▸ Aim of the task
From the material below, retype exactly the lines that begin at the line with "Mount Verm Leather" and end after the line with "Hampton & Dallas/plano 3* Plano"; pictures stay out of the copy.

▸ Provided records

* * * * *

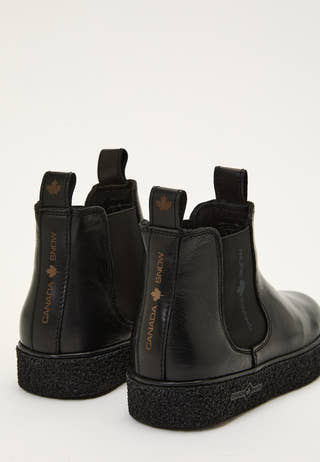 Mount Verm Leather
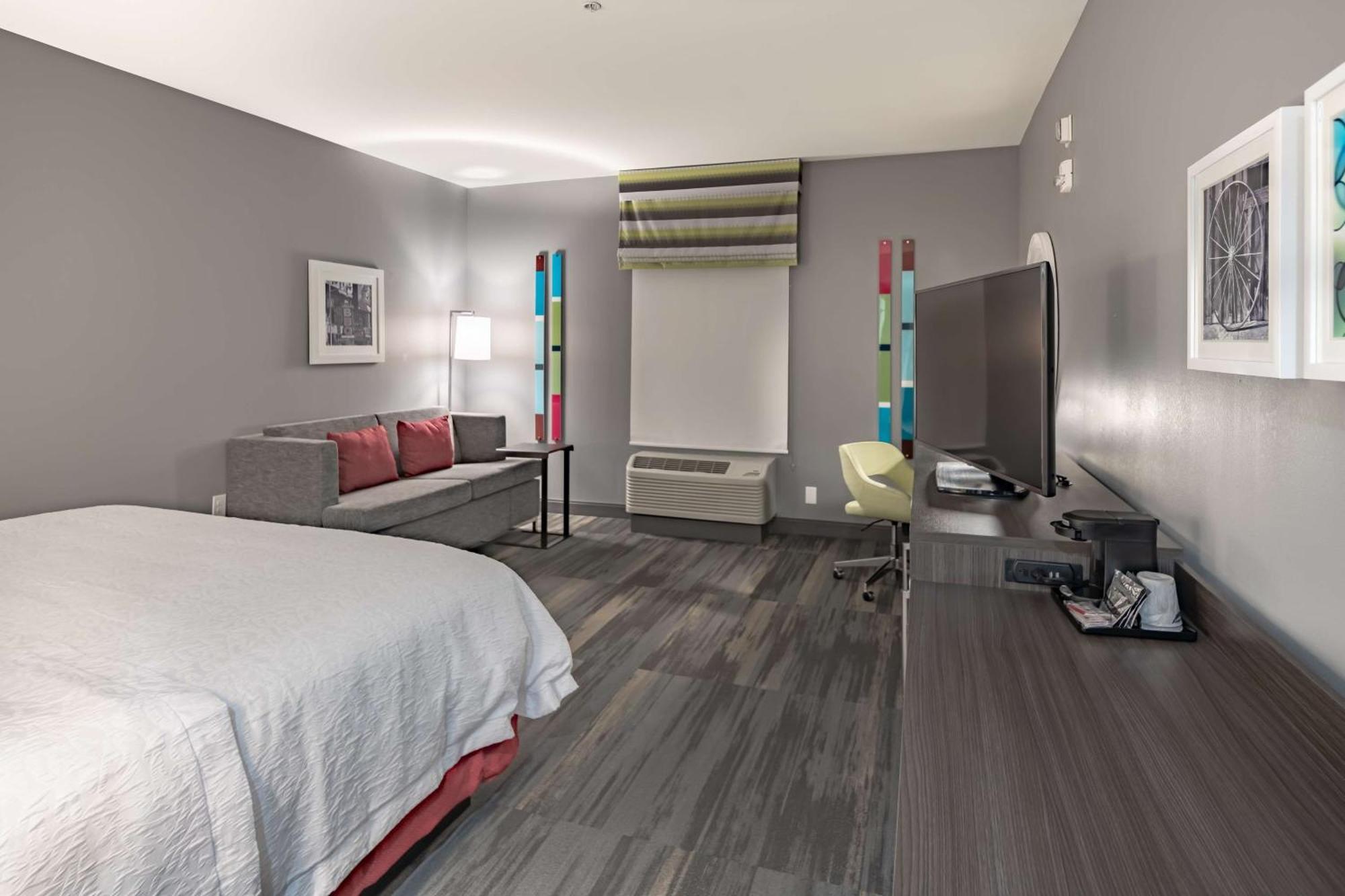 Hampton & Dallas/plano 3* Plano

* * * * *

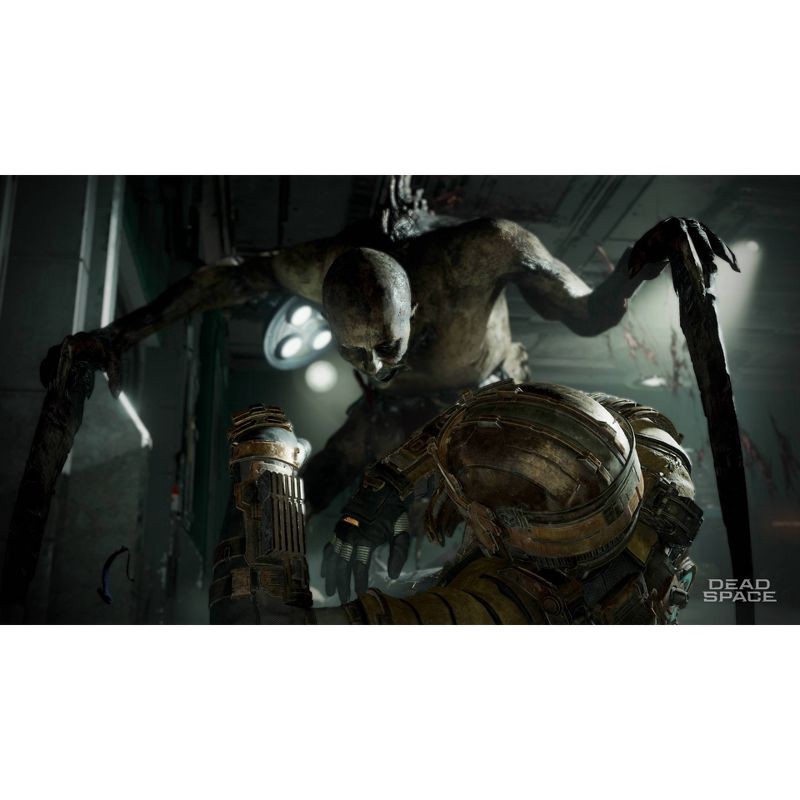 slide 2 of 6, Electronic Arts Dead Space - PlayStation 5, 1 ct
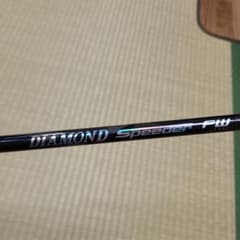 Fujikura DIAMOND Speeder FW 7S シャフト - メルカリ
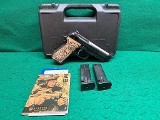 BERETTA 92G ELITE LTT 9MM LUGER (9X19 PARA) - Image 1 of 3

* * * * *

▸ Written answer
 Mount Verm Leather
 Hampton & Dallas/plano 3* Plano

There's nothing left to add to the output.